Let's add a transform to get only the modified data http://kafka.apache.org/documentation/#connect_transforms
docker-compose exec connect curl -s -XPOST -H "Content-Type: application/json; charset=UTF-8" http://localhost:8083/connectors/ -d '
{
"name": "debezium-connector",
"config": {
"connector.class": "io.debezium.connector.mysql.MySqlConnector",
"tasks.max": "1",
"database.hostname": "mysql",
"database.port": "3306",
"database.user": "debezium",
"database.password": "dbz",
"database.server.id": "223344",
"database.server.name": "dbserver1",
"database.whitelist": "mydb",
"database.history.kafka.bootstrap.servers": "kafka-1:9092,kafka-2:9092,kafka-3:9092",
"database.history.kafka.topic": "schema-changes.mydb",
"include.schema.changes": "true" ,
"transforms": "unwrap",
"transforms.unwrap.type": "io.debezium.transforms.UnwrapFromEnvelope",
"transforms.unwrap.drop.tombstones":"false"
}
}'
Let's do database manipulation
docker-compose exec mysql mysql --user=root --password=password --database=mydb -e "select * from team"
docker-compose exec mysql mysql --user=root --password=password --database=mydb -e "
INSERT INTO team ( \
name, \
email, \
last_modified \
) VALUES ( \
'another', \
'[email protected]', \
NOW() \
); "
docker-compose exec mysql mysql --user=root --password=password --database=mydb -e "UPDATE team set name='another name', last_modified = NOW() where id = '2'"
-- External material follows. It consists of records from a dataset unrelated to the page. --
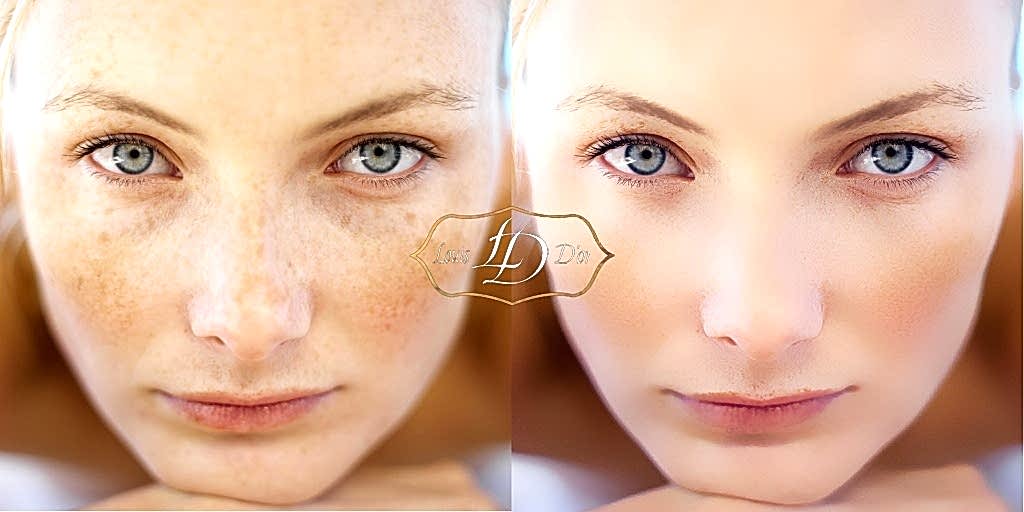 Удаление пигментных пятен лазером - способ избавиться от веснушек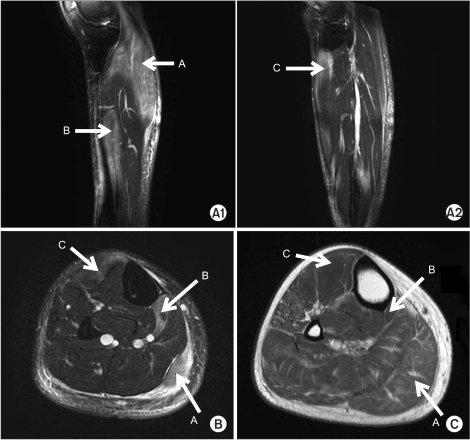 Results of right leg MRI. A1 and A2 display Sagittal T2 | Open-i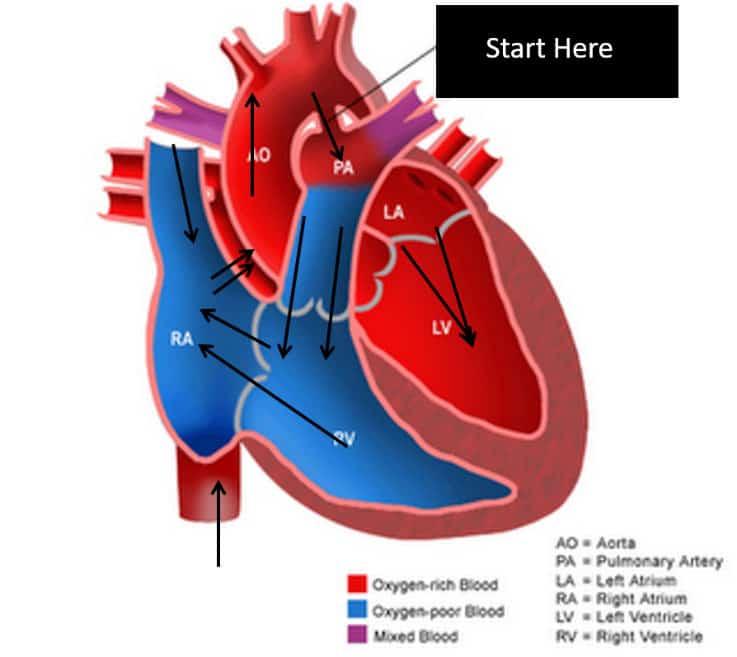 Fetal Right Heart Enlargement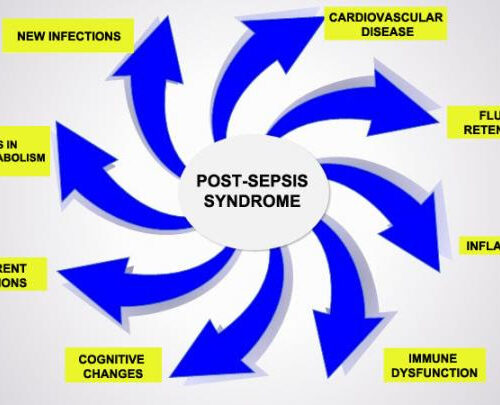 Phenomenon explains why patients who survive sepsis die sooner after hospital discharge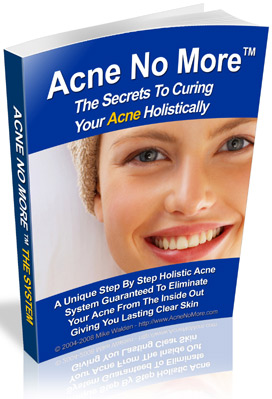 Acne No More Free Download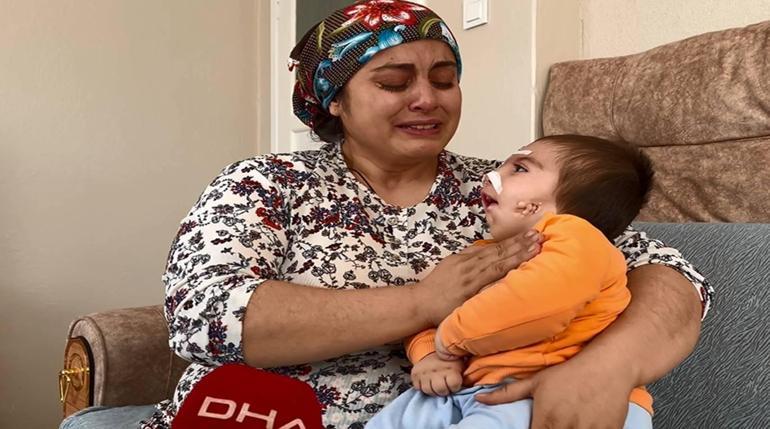 Nadir görülen Goldenhar Sendromu ile dünyaya gelen Asım bebek, ameliyat olmayı bekliyor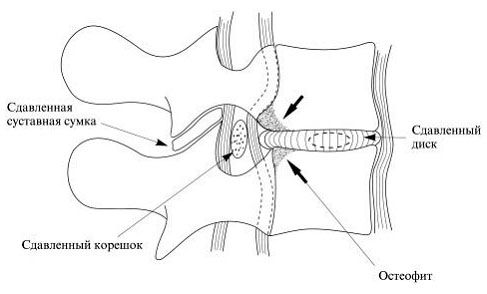 Симптомите на херния на различни части на гръбначния стълб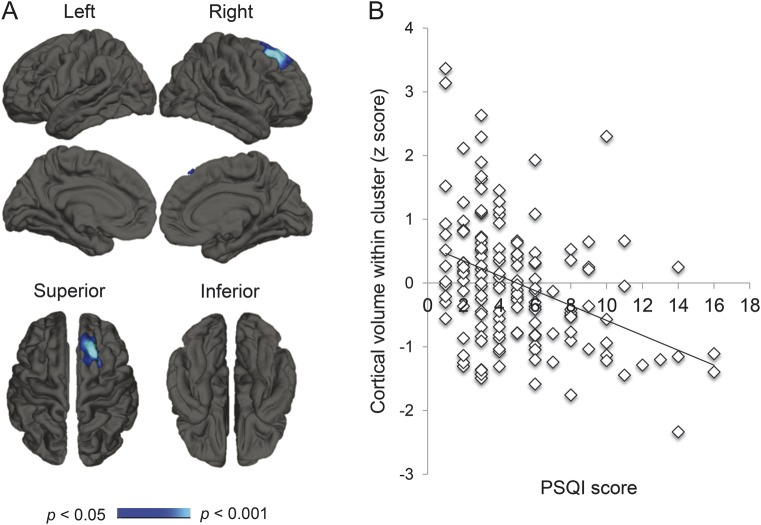 NTFabiano's tweet image. Poor sleep is associated with brain shrinkage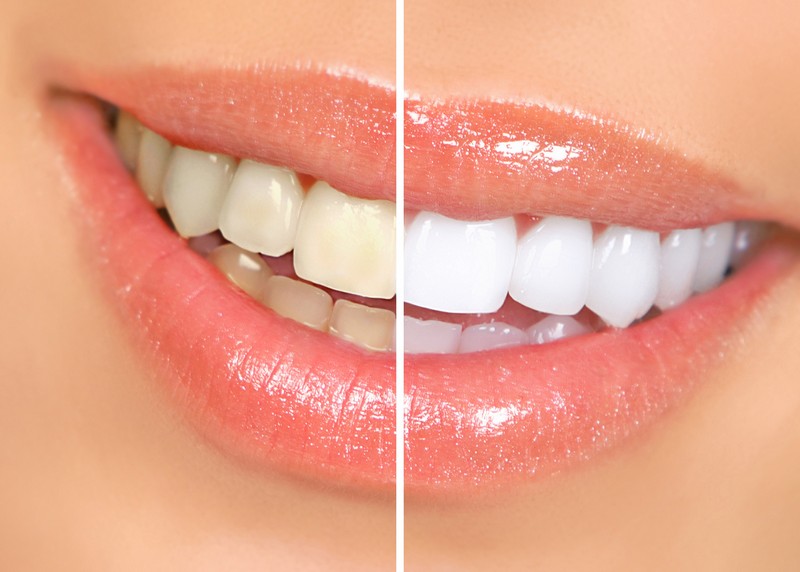 Teeth Whitening  Cerritos, CA 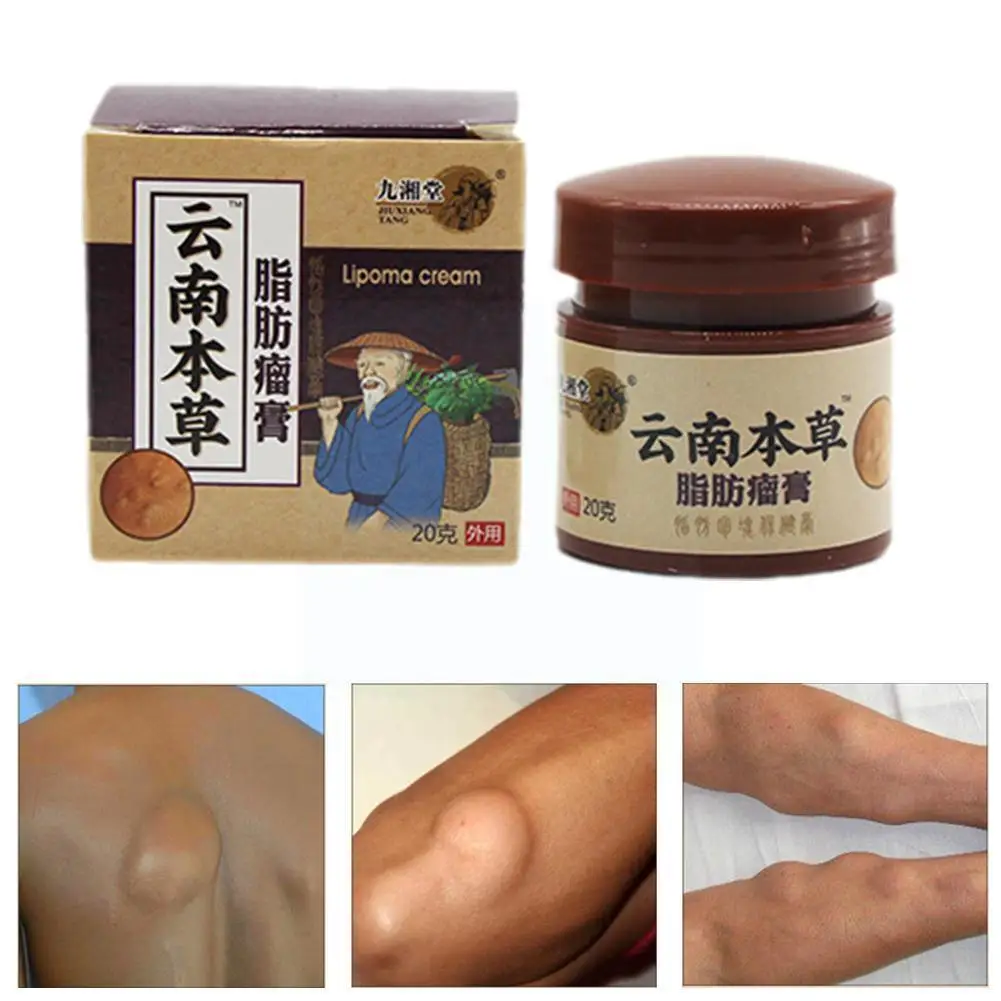 1pcs Lipoma Verwijdering Crème Behandelen Tumor Huid Gips Zwelling Pijnbestrijding Gezondheidszorg Exfoliërende Zalf Lichaa P5x5
1pcs Lipoma Verwijdering Crème Behandelen Tumor Huid Gips Zwelling Pijnbestrijding Gezondheidszorg Exfoliërende Zalf Lichaa P5x5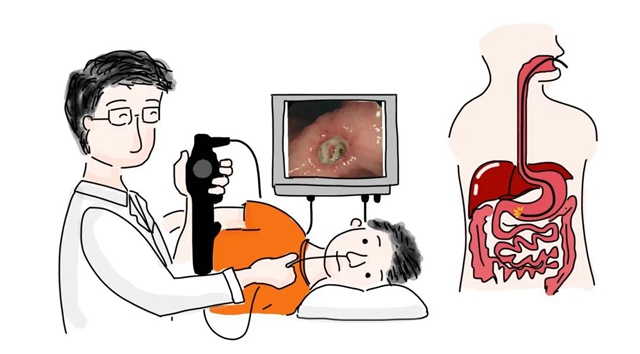 【警惕】胃里长的“小肉肉”，竟是癌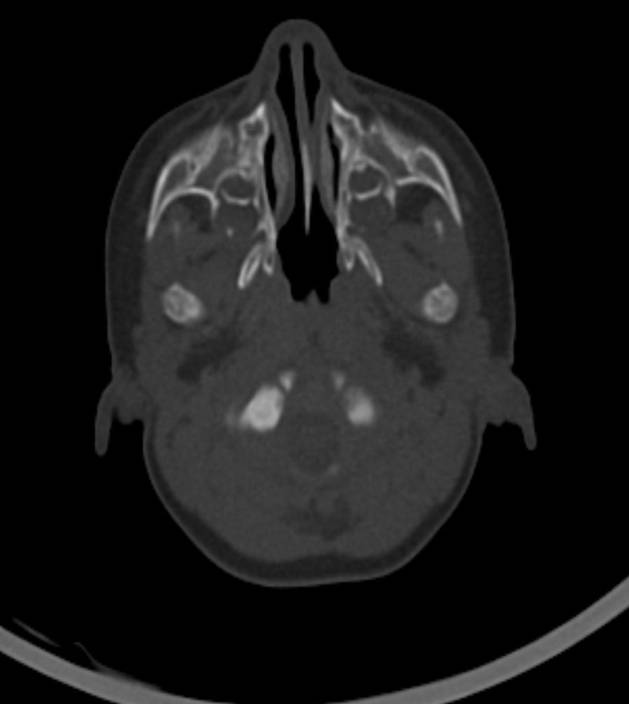 Normal brain CT - 2-month-old (Radiopaedia 53369-59350 Axial bone window 55).jpg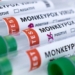 who discovers virus causing seasonal flu during patient 121160 epidemic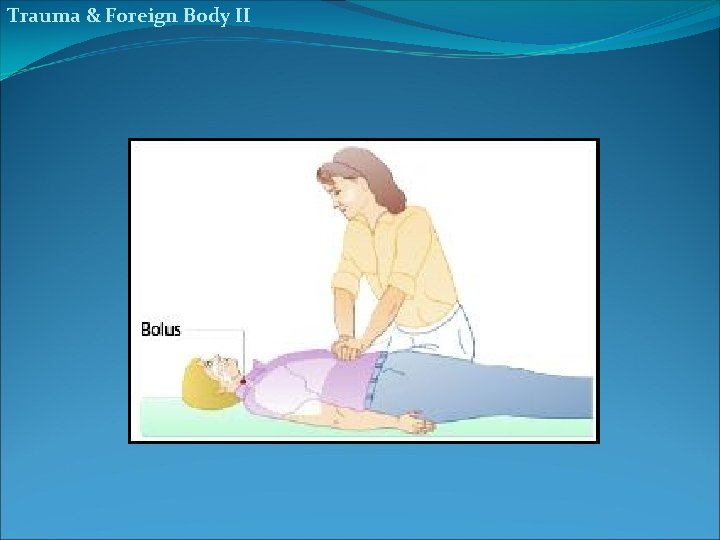 Trauma & Foreign Body II 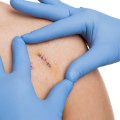 Wound Assessment and the Healing Stages for Surgical Wounds, Scars, and Stitches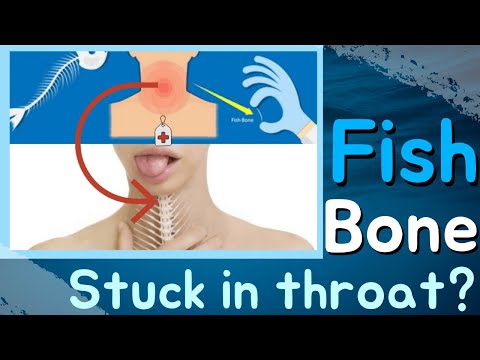 Video: Hoe om 'n visbeen uit u keel te kry: 9 stappe (met foto's)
docker-compose exec mysql mysql --user=root --password=password --database=mydb -e "DELETE FROM team WHERE id = 2"
Use ksql
$ docker-compose exec ksql ksql
ksql> SET 'auto.offset.reset' = 'earliest';
Successfully changed local property 'auto.offset.reset' from 'null' to 'earliest'
ksql> CREATE STREAM team WITH (KAFKA_TOPIC='dbserver1.mydb.team', VALUE_FORMAT='AVRO');
Message
----------------------------
Stream created and running
---------------------------
ksql> SELECT * FROM team;
1519925080993 | | 1 | kafka | [email protected] | 1519925014000
1519925111125 | | 2 | another | [email protected] | 1519925110000
1519925120123 | | 2 | another name | [email protected] | 1519925119000
Let's see the real underlying data to detect the deletion
$ docker-compose exec schema-registry kafka-avro-console-consumer \
--bootstrap-server kafka-1:9092,kafka-2:9092,kafka-3:9092 \
--topic dbserver1.mydb.team \
--from-beginning \
--property schema.registry.url=http://localhost:8082
{"id":1,"name":"kafka","email":"[email protected]","last_modified":1519925014000}
{"id":2,"name":"another","email":"[email protected]","last_modified":1519925110000}
{"id":2,"name":"another name","email":"[email protected]","last_modified":1519925119000}
null
We have a null, this is a tombstone.
Let's see with the key
$ docker-compose exec schema-registry kafka-avro-console-consumer \
--bootstrap-server kafka-1:9092,kafka-2:9092,kafka-3:9092 \
--topic dbserver1.mydb.team \
--from-beginning \
--property schema.registry.url=http://localhost:8082 \
--property print.key=true
{"id":1} {"id":1,"name":"kafka","email":"[email protected]","last_modified":1519925014000}
{"id":2} {"id":2,"name":"another","email":"[email protected]","last_modified":1519925110000}
{"id":2} {"id":2,"name":"another name","email":"[email protected]","last_modified":1519925119000}
{"id":2} null
We have detected the deletion, we can make this topic a compacted topic then.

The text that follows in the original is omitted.